I always wondered how systems are making use of THP.
After all, when system has been runing a while(days or months), file
cache should consumed a lot of memory and high order pages will become
more and more scare. If order9 page can't be reliably allocated, will
workload rely on it?
Just a thought.
THP is of course pretty neat that it reduced TLB cost, needs fewer page
table etc. I just wondered if people really rely on it, or using it
after their system has been up for a long time.

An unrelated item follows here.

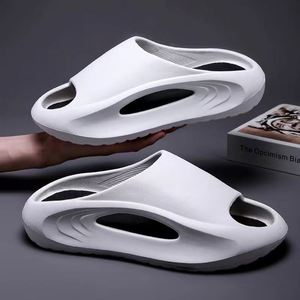 Chaussons de sport d'été pour hommes, mode décontractée, semelle épaisse, personnalisés, antidérapants, désodorisants, résistants à l'usure, à semelle souple - Product Image 3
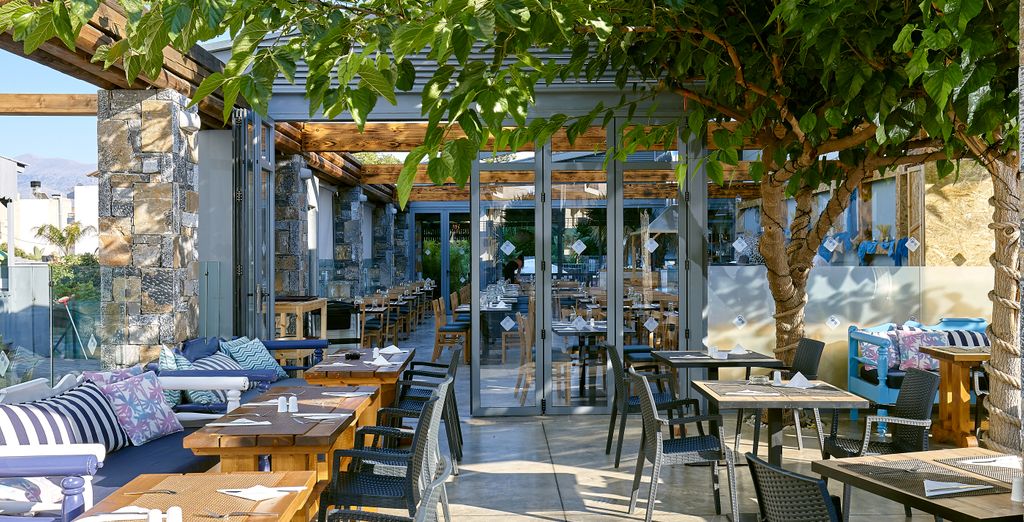 Pollis Hotel 4*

> > > compaction. Lazy merging doesn't say anything about the mobility of
> > > buddy pages that are still allocated.
> >
> > True.
> > I was thinking if compactions isn't enabled, we probably shouldn't
> > enable this lazy buddy merging feature as it would make high order
> > allocation success rate dropping a lot.
> >
>
> It probably is lower as reclaim is not that aggressive. Add a comment
> with an explanation as to why it's compaction-specific.
>
> > I probably should have mentioned clearly somewhere in the changelog that
> > the function of merging those unmerged order0 pages are embedded in
> > compaction code, in function isolate_migratepages_block() when isolate
> > candidates are scanned.
> >
>
> Yes, but note that the concept is still problematic.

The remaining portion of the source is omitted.